Mike Rounds, the Republican frontrunner, said he didn’t think the permanent ban would have a big positive impact — but said it would affect members of Congress’ “ability to earn a living after they leave Congress.” Depriving former members of Congress of a lucrative post-Congressional career, Rounds said, could make members less likely to leave office.
“I think we can debate the timeframe, on how long you want to restrict them from earning a living (lobbying),” Rounds said. “But in some cases, you don’t want to make it more difficult for them to actually leave office… you’re kind of working against yourself, working against the goal of having turnover.”
Rhoden has endorsed term limits that would limit people to three terms in the House and two in the Senate, and reiterated his call for such an amendment Wednesday. Such a change, however, would require an amendment to the U.S. Constitution, which requires approval from two-thirds of both houses of Congress and three-fourths of the states.
Stace Nelson, another GOP candidate for Senate, said Rhoden’s proposal for a lobbying ban “is missing what the problem is.”
“It is not the lobbyists who carry the special interest monies to our elected officials that is the problem, but the legalized bribery and the mass amount of monies given to Congress and candidates who these special interests want to control,” Nelson said in an email.

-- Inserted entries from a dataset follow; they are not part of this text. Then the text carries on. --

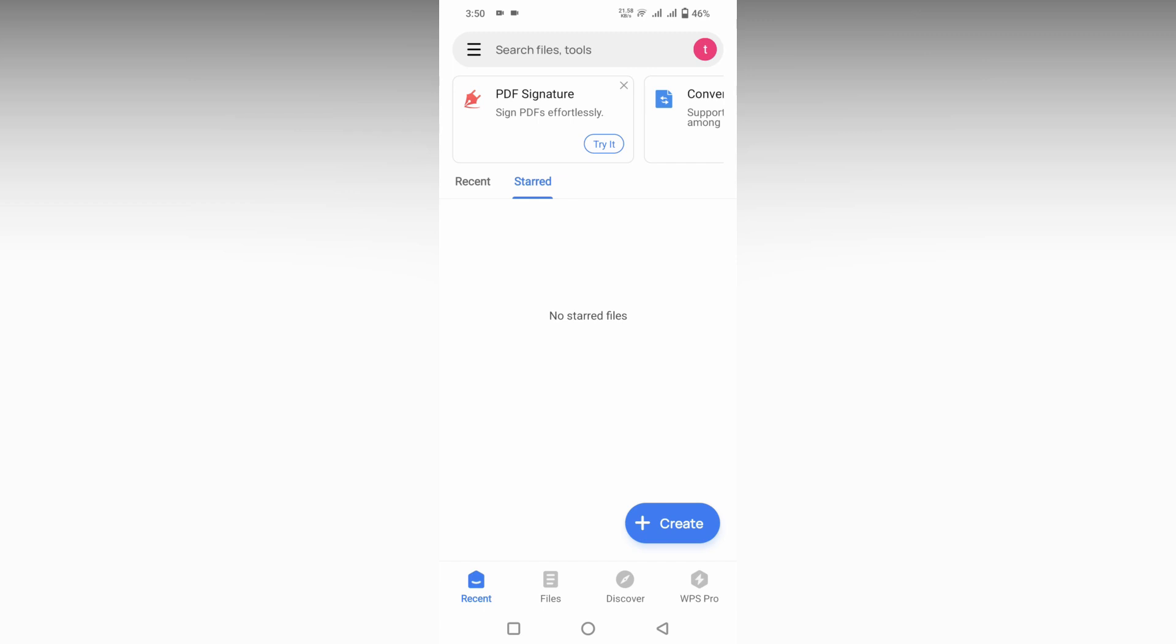So, how to change the page orientation in WPS Office document mobile? I'm going to show you in this video.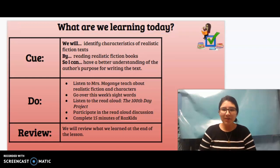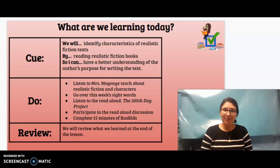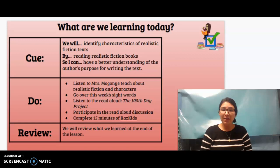Happy Monday! What are we learning today in reading? Our cue. We will identify characteristics of realistic fiction text by reading realistic fiction books, so you can have a better understanding of the author's purpose for writing the text.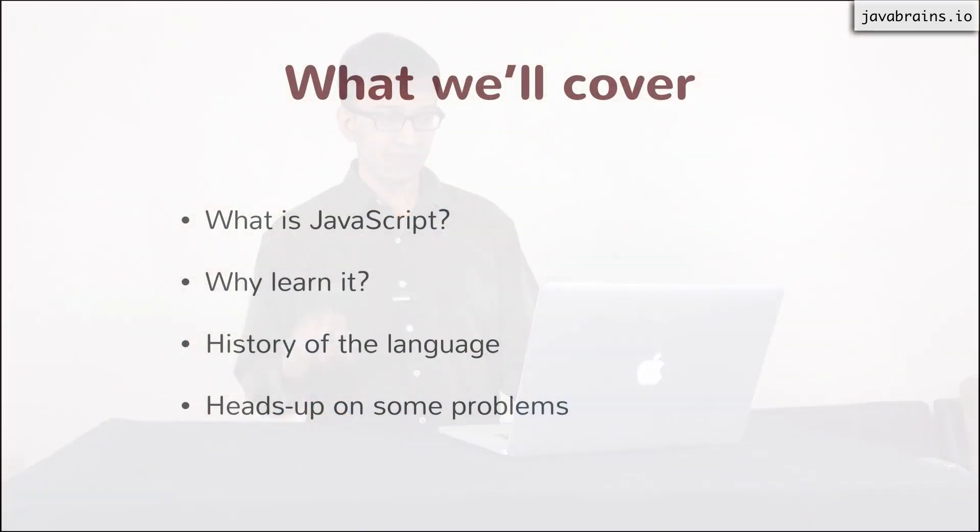All right, Unit 1 is an introduction to JavaScript. Here are the top-level things that we're going to cover in this unit. We're going to talk about what JavaScript is. You know that it's a programming language, but we're going to look at some details about the language itself.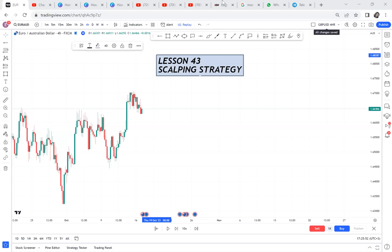Welcome to the scalping strategy lesson, lesson 43. By the time you are done with this video you'll know how to scalp. Scalping is a trade where you get in without intentions of holding it, targeting 20 to 50 pips. Some traders get 5, 10, or 20 pips but no more than 50. Scalping uses lower time frames — a monthly chart only gives you direction.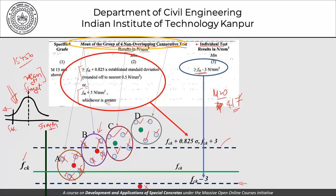IS 456 talks about individual test results and groups of four non-overlapping consecutive test results. These consecutive results are grouped into sets of four; the mean of each group is checked against the acceptance line. If the mean fails, all four samples in that group are rejected, and whatever part of the structure they represent needs to be redone — though provisions for non-destructive testing exist in the code for such cases.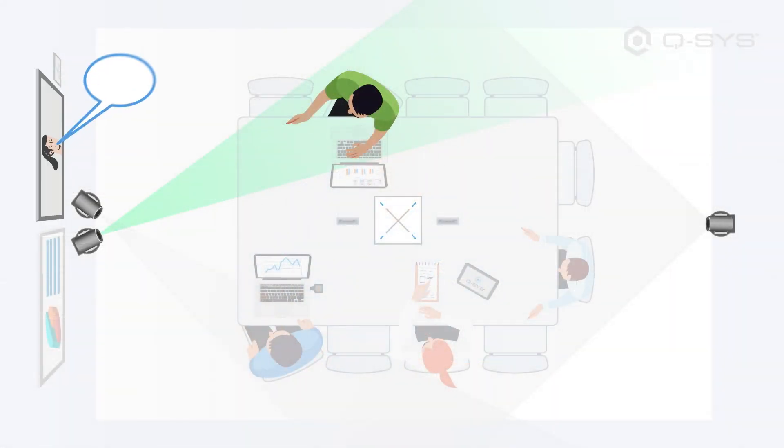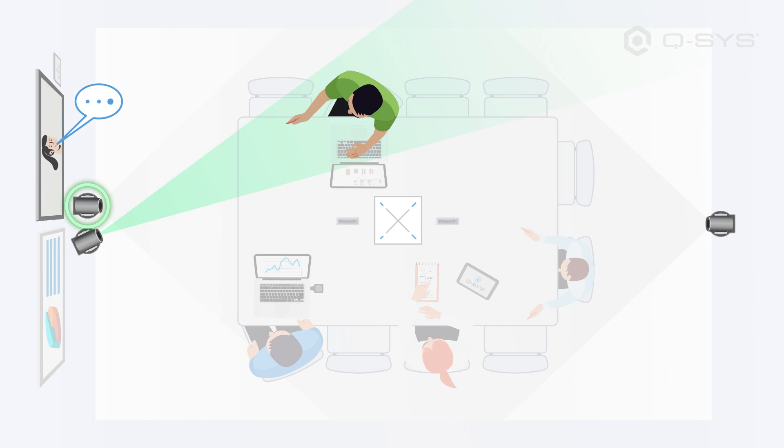If a single speaker cannot be identified, like if the room falls silent or if a far end participant is the active talker, then the plugin can be configured to show a wide shot to incorporate all of the participants in the room instead of remaining on a close-up shot of somebody who is no longer speaking.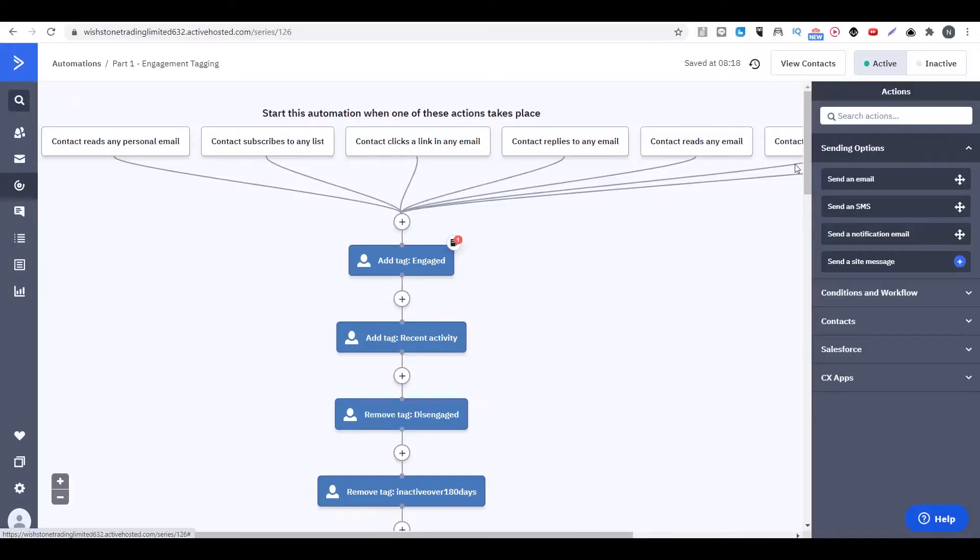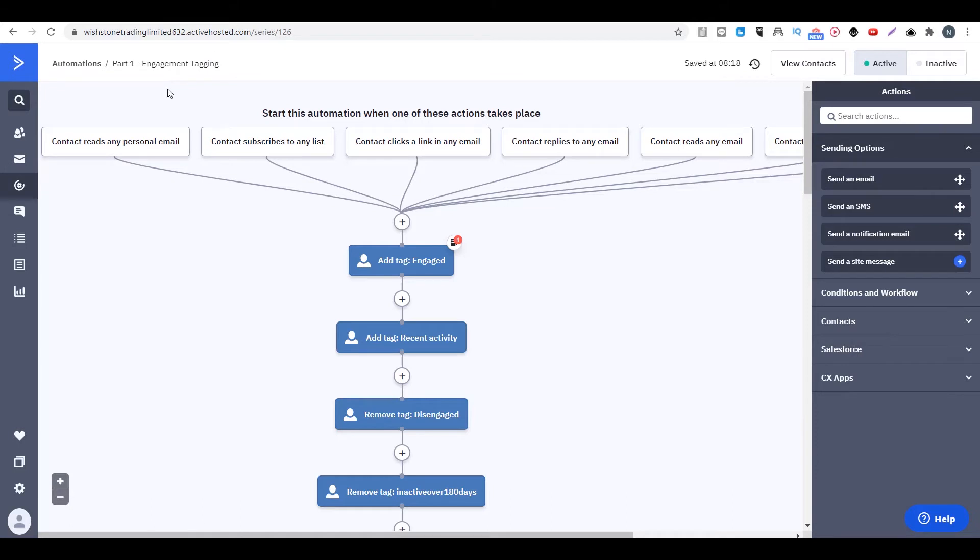In this video, I want to show you another really powerful automation you can use to manage your list. This one is called engagement tagging. You can use this to actually just remove anyone who is not active in your list.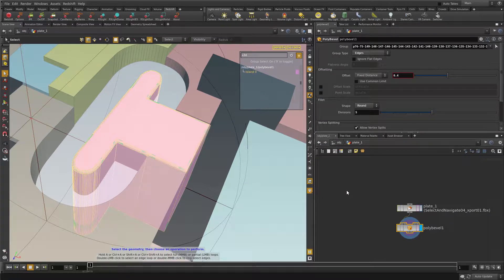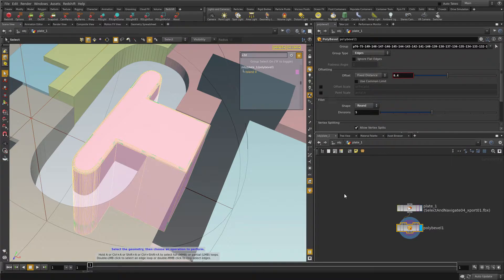And those little tips were it for today. I hope there was at least one thing in there that you didn't know. I discovered all this stuff just recently and I feel much more at home in Houdini now that I can find my way around the viewport. Thanks so much and see you soon!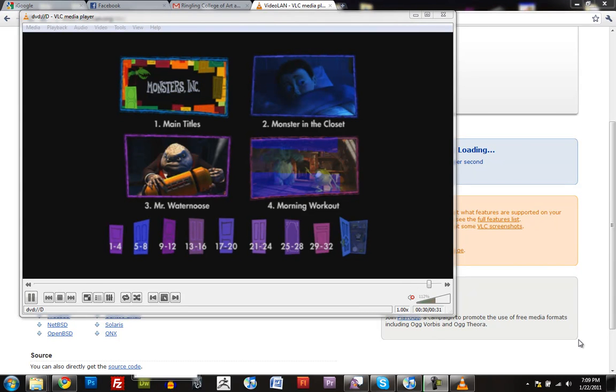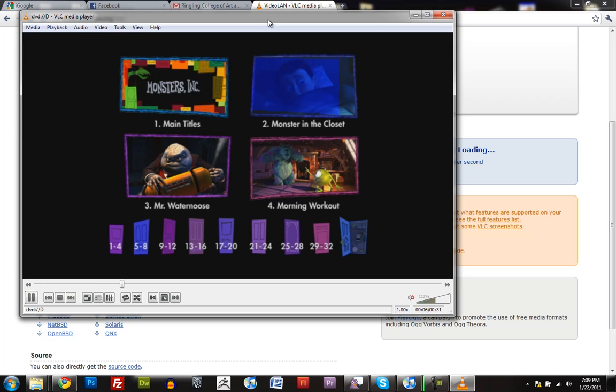Hey, this is Ben Jones, and I just want to do a quick tutorial on how to extract video clips from a DVD.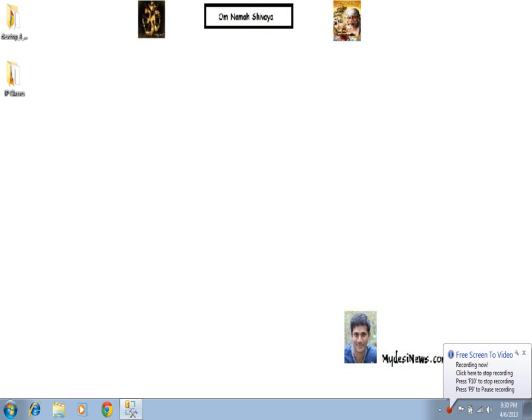Good morning and welcome to mydaysnews.com SQL sharing video. In today's class, I am going to explain how to collect data from different tables in different databases in a single query.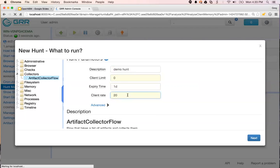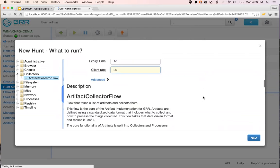If the hunt is intensive we can make this go slowly, or we can take the limit off and go as fast as we can. Going as fast as possible, we can get every machine — no matter how many — reporting results within under an hour. Any machine that's online would report in and complete the hunt in that time.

Several former members of Congress from South Dakota have become lobbyists after leaving office. Stephanie Herseth Sandlin became a lobbyist after her 2010 defeat, as did Tom Daschle after his 2004 loss. John Thune lobbied in between losing the 2002 U.S. Senate race and winning a Senate seat in 2004, and Larry Pressler formed a legal and lobbying firm after his 1996 loss, though Pressler said he did not lobby himself.
Rhoden’s lobbying proposal also would ban the “immediate family” of members of Congress from being registered lobbyists while their relative was in office.
In the Senate, some close relatives are currently forbidden to lobby any member of Congress — though the rule doesn’t cover certain categories, such as sons-in-law. In the House, a lobbyist isn’t allowed to lobby a representative they’re married to. But a representative can be lobbied by a child or parent.
A review by the Washington Post last year found 56 relatives of lawmakers have been paid to lobby Congress since the 2007 reform bill passed.
Rounds, who was skeptical of the ban on ex-members of Congress lobbying, said the spousal ban seemed like a reasonable proposal.
The other two Republican U.S. Senate candidates, Annette Bosworth and Jason Ravnsborg, did not respond to requests to comment Wednesday afternoon.
Rhoden’s reform plan also included requiring all members of Congress to put their investments in blind trusts, a provision denying members of Congress their pay unless they pass a balanced budget, and giving the president a line-item veto — the ability for a president to strike part of a bill without vetoing the entire legislation. The U.S. Supreme Court held that the line-item veto passed in the 1990s was unconstitutional, meaning a constitutional amendment might be needed to create one.
The Republican U.S. Senate primary is June 3, 2014.